Towards the end of 2020, a spokesperson for PWC said that: “UK regions should benefit from increased staycation demand in 2021, and coast and country properties offer potential. Meanwhile the fall in corporate demand, coupled with the complete lack of sports and music events will see big city hotels suffer disproportionately.”

City Properties

On the face of it, investors with short-stay tourist property in big cities could face a lean time this year. For 2021, at least, demand is likely to be subdued in densely populated urban areas, and so there may be an argument for shifting strategy and focusing on more dependable, longer-stay tenants. Rental demand on the part of workers and families is still exceptionally high across the UK, so while the tourism market might dip in larger cities, it is still possible to achieve strong returns by targeting other markets.

Other Properties

In 2021, the biggest winners are likely to be those properties that afford guests a high degree of independence and relative isolation. Crowded breakfast rooms in B&Bs present similar risks to those of a large hotel, so they could still struggle this year, but self-contained holiday homes and furnished apartments should fare much better.

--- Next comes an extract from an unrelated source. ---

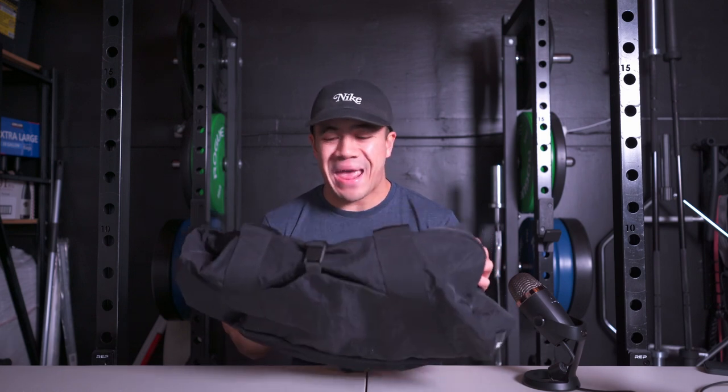In this video I'm going to be doing a what's in my gym bag video. Happy new year and I hope you're crushing all your goals. I know many of us have health and fitness goals that we love to start off the year strong with, so what better way to do that than with a new gym bag setup.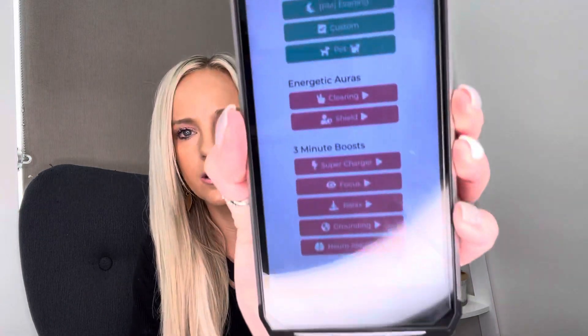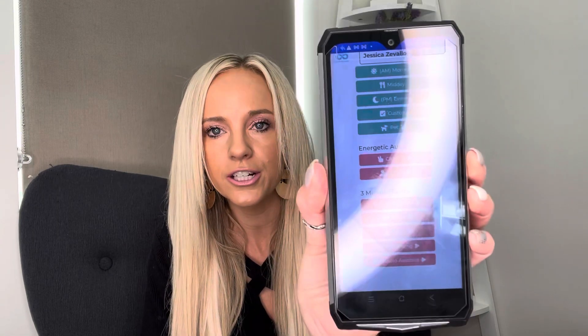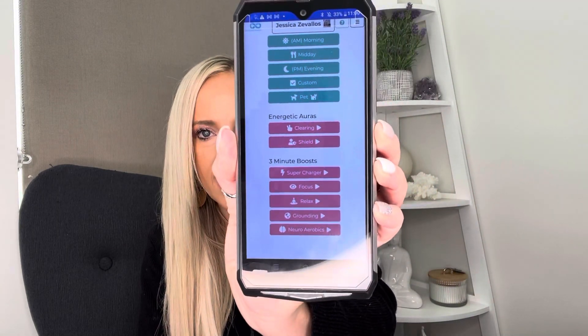I start my morning out that way — I send it to me already. And then if I'm going to do any of the scans, I will actually energetically clear — it's the top two pink ones right there. Energetically clear yourself, do the scan — say you're going to do a vital scan — perform the vital scan, and then shield yourself afterwards.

Despite the roll-out of effective vaccines, confidence in overseas travel is still low. The effects of that go both ways. Britain has one of the highest per capita infection rates in the world, so it seems especially unlikely to attract foreign tourism this year. However, prospects for the domestic tourism market are looking good, especially in rural and coastal areas. British travellers remember very clearly how some airlines failed them last year, so outbound travel is still regarded as a gamble, particularly if it comes with the added risk of enforced quarantine on their return.

By contrast, a UK staycation is perceived as far lower risk and therefore a more attractive option. Moreover, with many customers having spent much less than usual in 2020, a report by Deloitte, (UK Travel Weekly Insight Annual Report January 2021), suggests that “a majority of those intending to travel in 2021 will spend at least as much or more on holiday than the last time they travelled.”

For some furnished holiday and short term let property owners, 2021 could see the start of a steady revival, especially in rural and coastal locations. It could also witness rising demand for property types that afford more independence, privacy and seclusion. It will certainly be a mixed picture this year, but as the R rate falls and confidence returns, the longer-term prospects should improve steadily.